Frankreich

Kristin Hannah. Die Nachtigall (2016)

Ein Schmöker aus dem von Deutschen besetzten Frankreich, eine Geschichte von zwei Schwestern, die jede auf ihre Weise mit der Besetzung umgehen. Spannend und stellenweise dramatisch, stellenweise kitschig – und die Übersetzung hätte noch mal redigiert werden sollen.
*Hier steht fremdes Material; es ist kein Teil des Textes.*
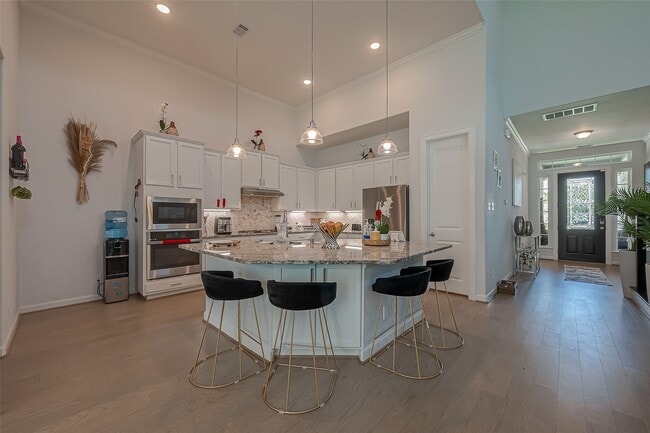 Building Photo - 9207 Secretariat Ln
Carriveau, ein verschlafenes Städtchen an der Loire. Hier lebt Vianne mit Ehemann Antoine und der kleinen Tochter Sophie im Haus ihres Vaters ein kleines glückliches Leben. Bis der Zweite Weltkrieg heraufzieht, Antoine einberufen wird und nicht lange danach die Deutschen das Städtchen besetzen. Vianne arbeitet als Lehrerin und versucht, sich mit der Situation zu arrangieren, um ihre Tochter zu schützen.

La rossignol

Viannes jüngere Schwester Isabelle, mit Nachnamen Rossignol, d.h. Nachtigall, ist die Aufmüpfigere der beiden. Sie sagt, was sie denkt, ist bereits aus zahlreichen Internaten geflogen oder abgehauen. Vater Julien lebt in Paris, aber seit dem frühen Tod seiner Frau wollte er auch von seinen Töchtern nichts mehr wissen, sie sollten in Carriveau leben. Auch das kann Isabelle nicht akzeptieren … Als die Deutschen Paris besetzen, flüchtet Isabelle mit Tausenden anderen aus der Stadt. Eine erste dramatische Flucht, die Flüchtlinge werden bombardiert und Isabelle entschließt sich zu kämpfen.

Schwestern

Zunächst allerdings landet Isabelle bei Vianne in Carriveau, die will von Kampf oder Widerstand nichts wissen. Als der deutsche Hauptmann Beck bei ihnen einquartiert wird, fällt es Isabelle schwer, den Mund zu halten, während Vianne aus Angst und eigentlich wider Willen beinahe zur Kollaborateurin wird. Immerhin gehört Beck zu den Netten, gibt von seinem Proviant ab, warnt Vianne sogar. Denn ihre beste Freundin Rachel ist Jüdin …

Fluchtwege

Beinahe durch Zufall findet Isabelle Kontakt zu einer kleinen Gruppe Widerständler in Carriveau, erst verteilt sie Flugblätter, schließlich geht sie nach Paris, sie will mehr tun. Schließlich bringt sie Piloten der Alliierten nach Spanien, zu Fuß über die Pyrenäen, eine Fluchtroute mit verschiedenen Stationen, mit Helfern, mit einem ganzen Netz an Widerstand. Die Route der Nachtigall. Natürlich werden die Nazis auf diese Route aufmerksam und jagen die Nachtigall …

Distanziert

Nach all den begeisterten Besprechungen auf Blogs war der Anfang des Romans für mich eher enttäuschend: Ja, es ist Krieg, natürlich ist das schlimm – aber es passierte nichts, was nicht in vielen anderen Romane bereits passiert war. Es gab keine neuen Aspekte, keine besonderen Gedanken oder Empfindungen. Im Gegenteil schienen die Geschehnisse eher distanziert beschrieben, manchmal sogar ein wenig ungelenk – was aber vermutlich der Übersetzung geschuldet ist. Wenn aber sogar die Namen der Töchter verwechselt werden, wird es ärgerlich.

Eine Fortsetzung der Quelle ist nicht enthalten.